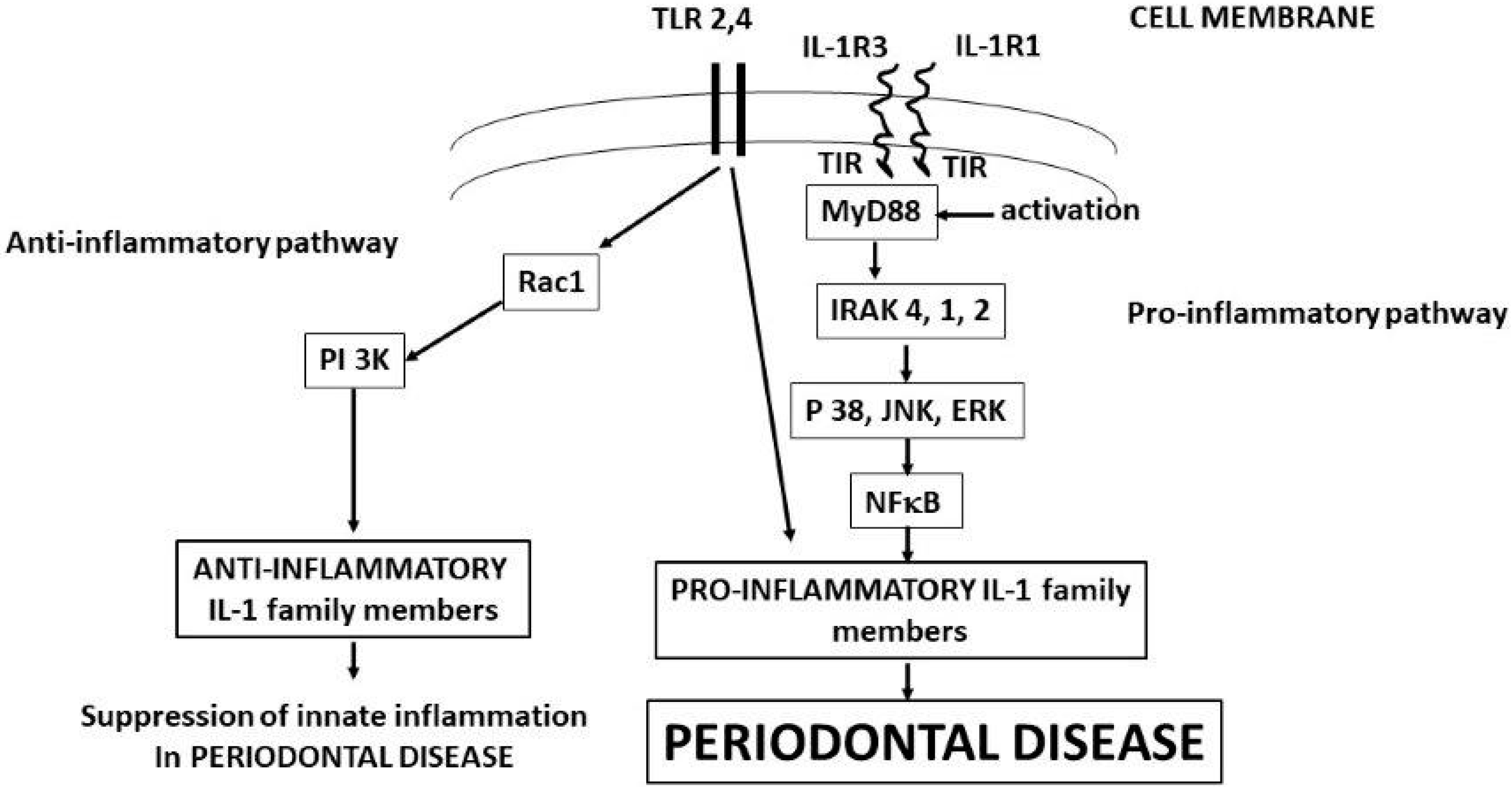 Ijms 23 13242 g001 Ijms 23 13242 g001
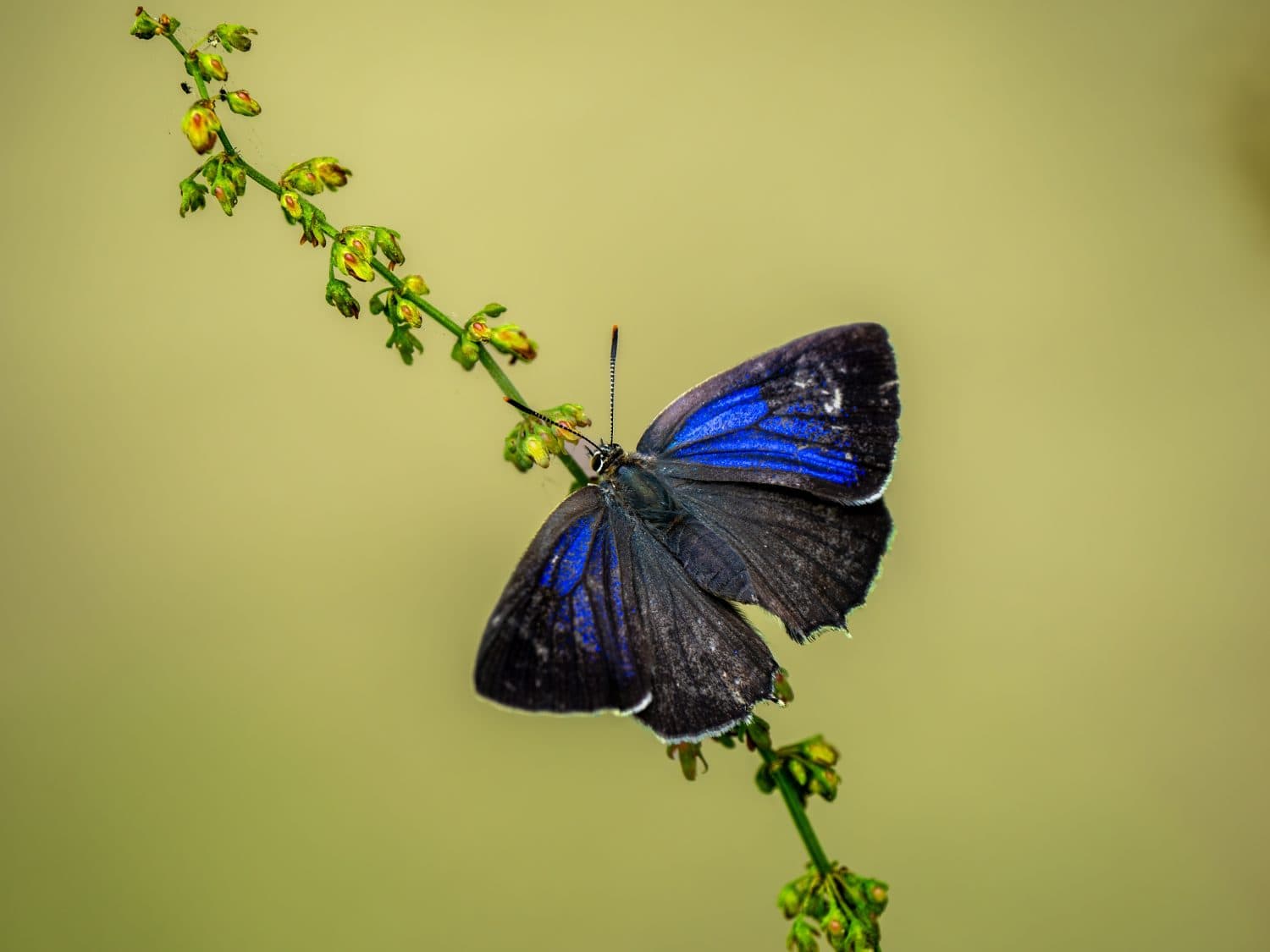 Purple Hairstreak Butterfly Resting With its Wings Open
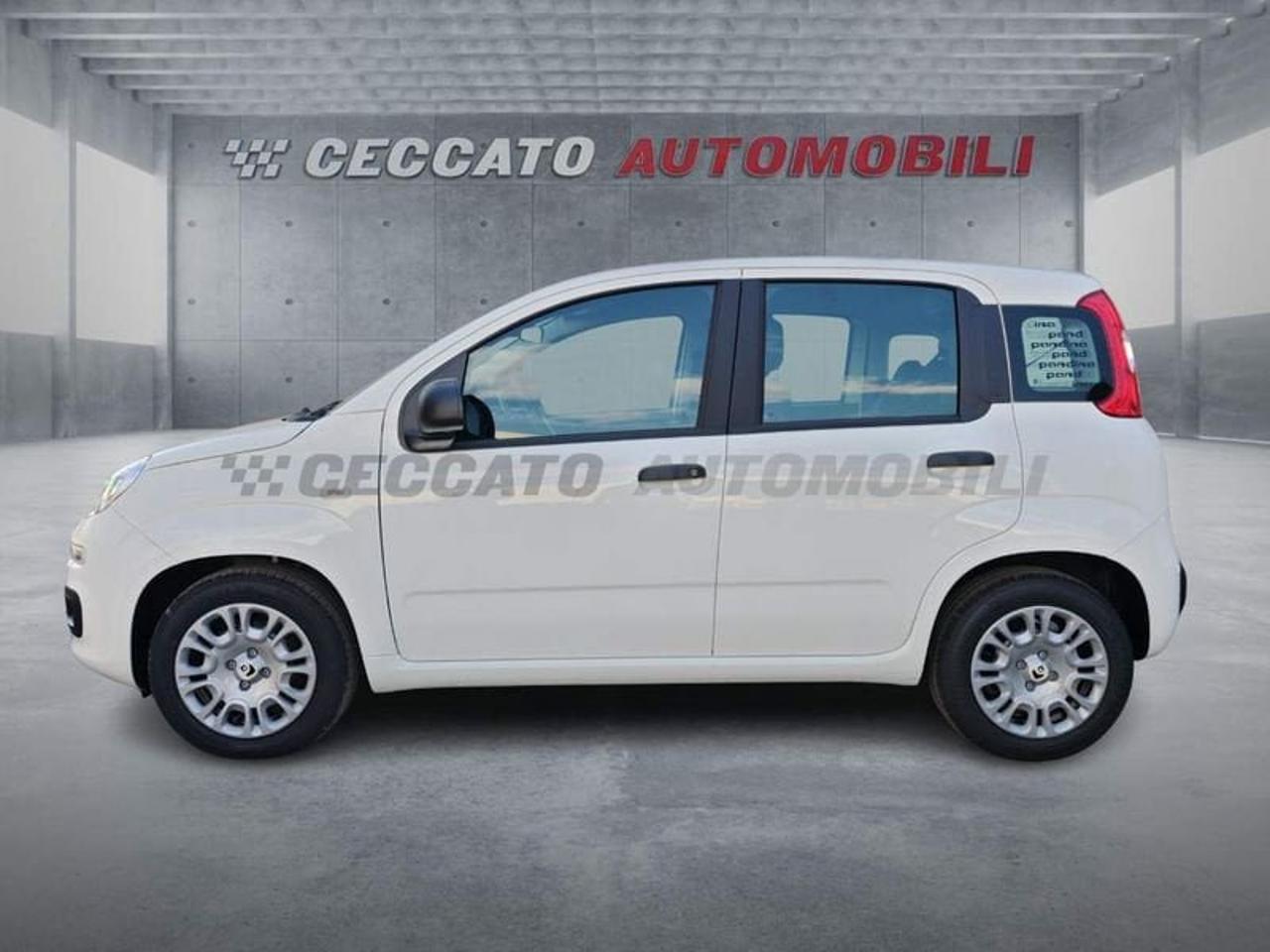 Fiat Fiat Panda usata, con Tetto Panoramico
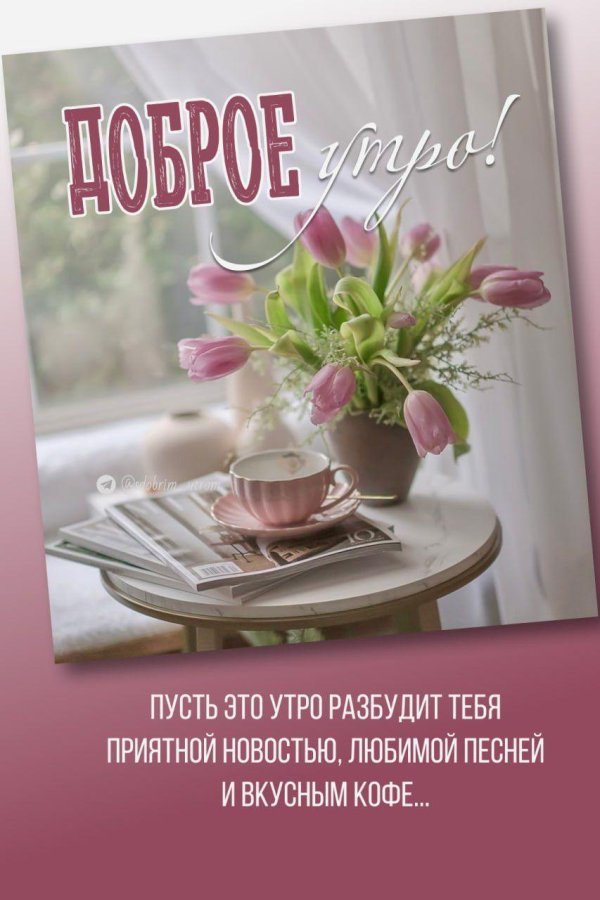 пусть утро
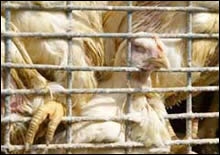У китайских контрабандных кур во Вьетнаме выявлен птичий грипп [06.04.2006 07:02]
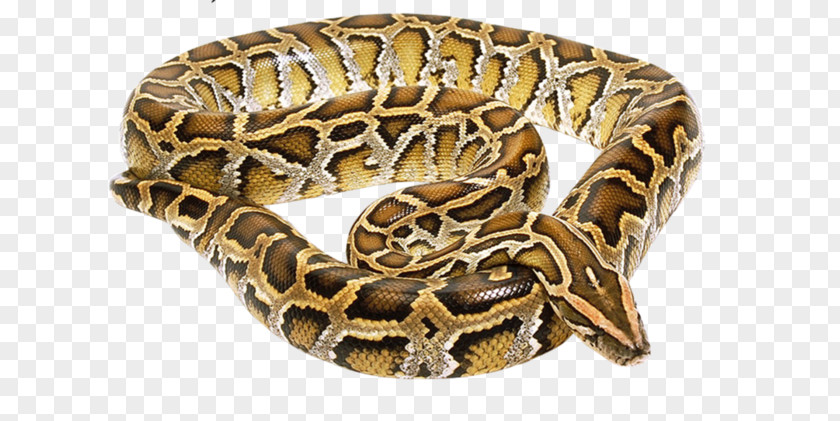 Snake Reptile Vipers Boa Constrictor Deinagkistrodon PNG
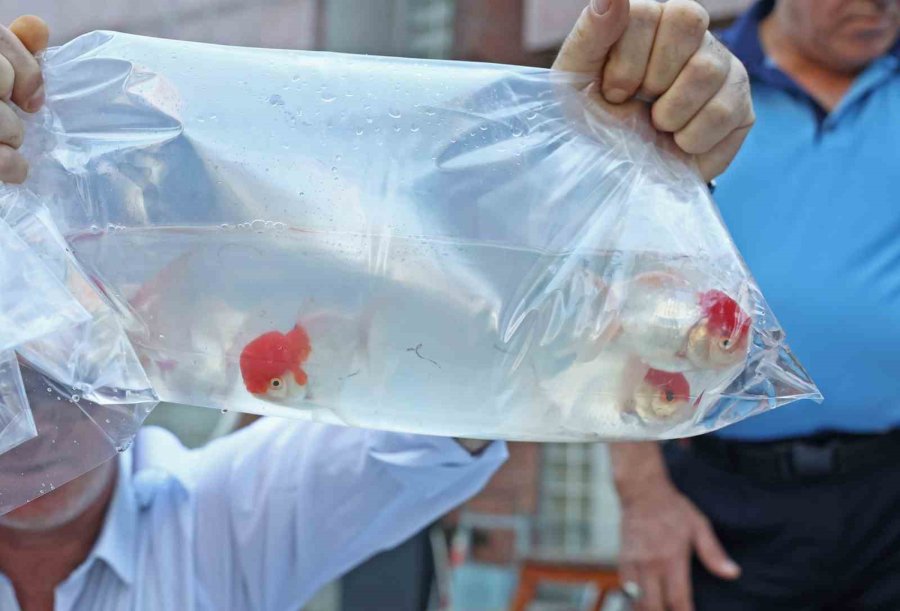 Tayland’tan Süs Balıkları, Tokat’tan Horoz, İstanbul’dan Kalkan Balığı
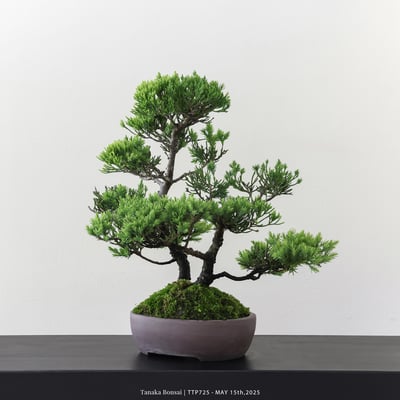 台灣真柏｜TTP7256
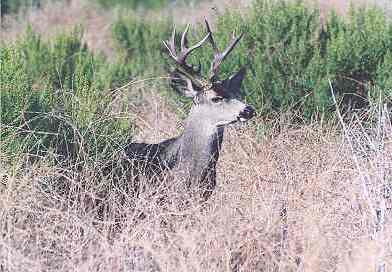 Malibu Creek State Park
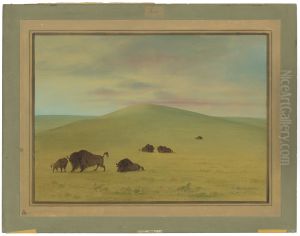 American Pasturage - Prairies of the Platte by George Catlin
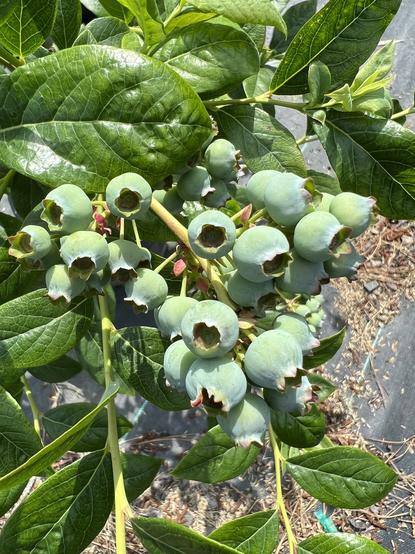 A big cluster of unripe, still somewhat green blueberries forming at the end of a branch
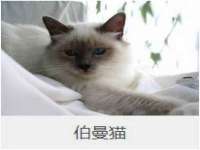 上海伊非网络工作室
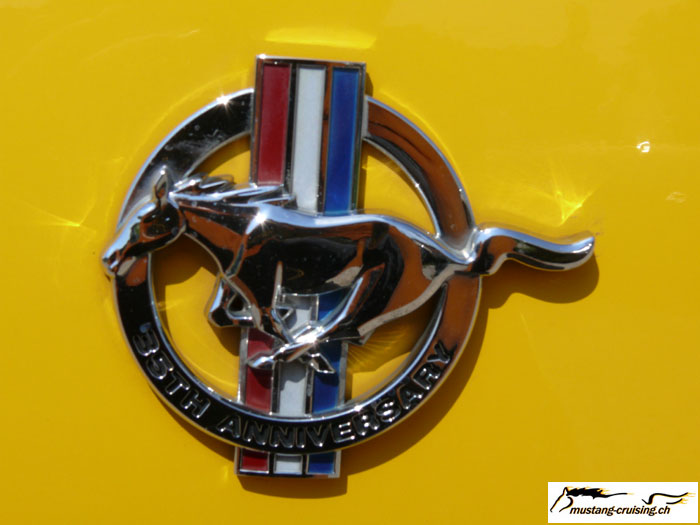P1010650_13.jpg
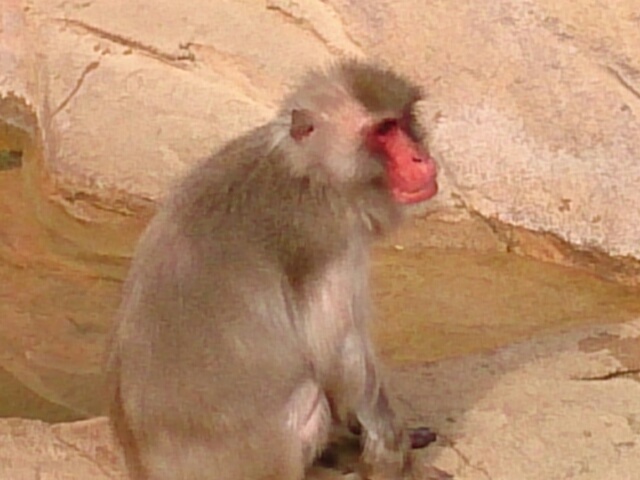 b0193754_0125985.jpg
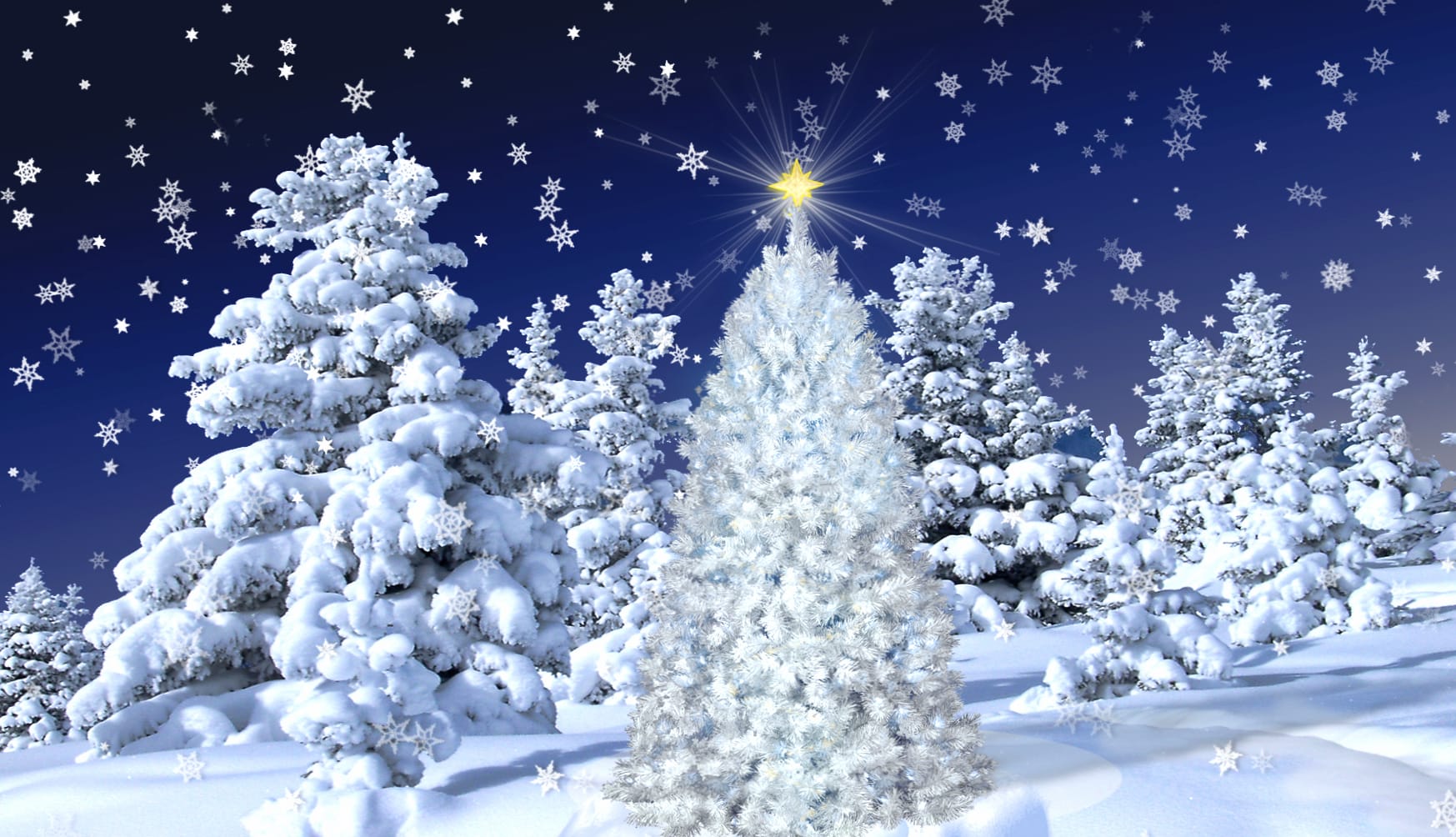 Star Snowflake Snowfall Snow Tree Forest Holiday Christmas wallpapers HD quality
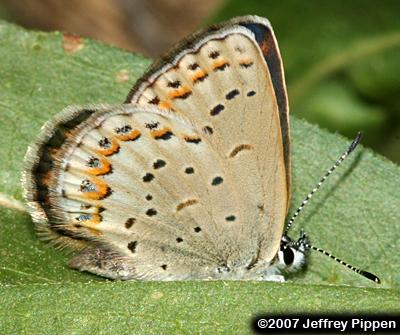 Anna's Blue (Plebejus anna)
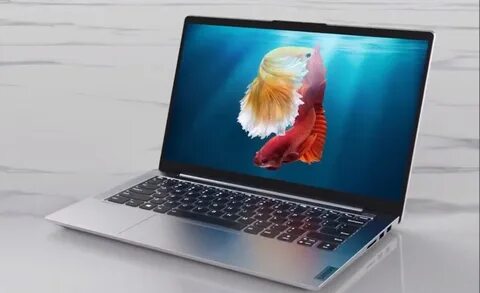 Xiaoxin pro
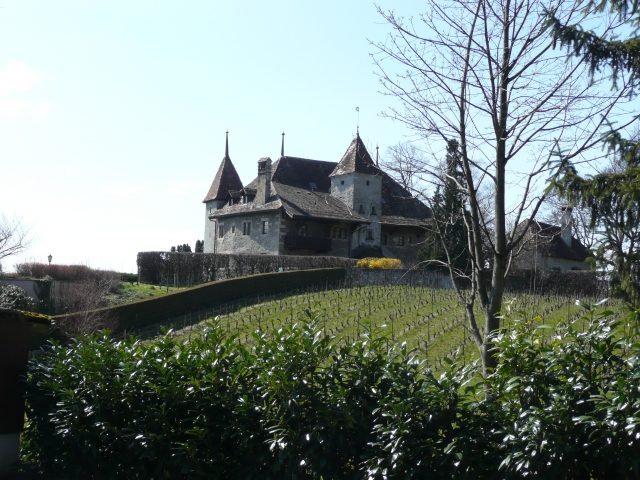 Château Bochat (Paudex)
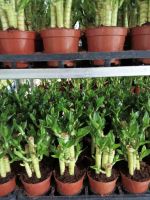 Lotus Bamboo Bonsai Natural Evergreen Ornamental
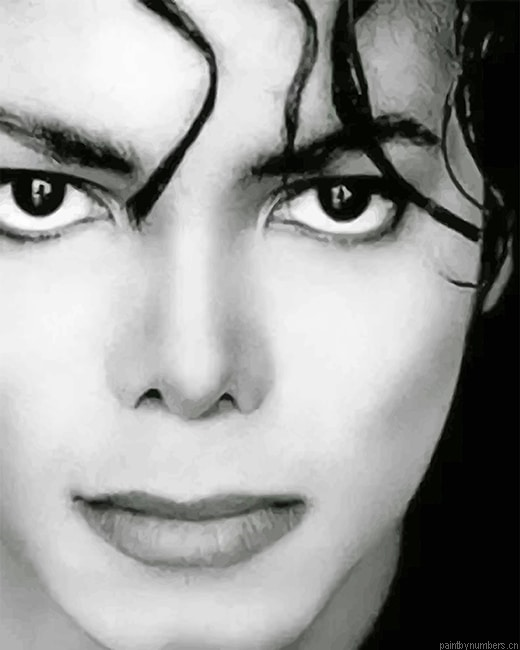 Michael Jackson Black And White Painting By Numberss.png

What the exercise asks:
Word for word, restate the records above and drop the pictures.

Task answer:
 Ijms 23 13242 g001 Ijms 23 13242 g001
 Purple Hairstreak Butterfly Resting With its Wings Open
 Fiat Fiat Panda usata, con Tetto Panoramico
 пусть утро
У китайских контрабандных кур во Вьетнаме выявлен птичий грипп [06.04.2006 07:02]
 Snake Reptile Vipers Boa Constrictor Deinagkistrodon PNG
 Tayland’tan Süs Balıkları, Tokat’tan Horoz, İstanbul’dan Kalkan Balığı
 台灣真柏｜TTP7256
 Malibu Creek State Park
 American Pasturage - Prairies of the Platte by George Catlin
 A big cluster of unripe, still somewhat green blueberries forming at the end of a branch
 上海伊非网络工作室
P1010650_13.jpg
 b0193754_0125985.jpg
 Star Snowflake Snowfall Snow Tree Forest Holiday Christmas wallpapers HD quality
 Anna's Blue (Plebejus anna)
 Xiaoxin pro
 Château Bochat (Paudex)
 Lotus Bamboo Bonsai Natural Evergreen Ornamental
 Michael Jackson Black And White Painting By Numberss.png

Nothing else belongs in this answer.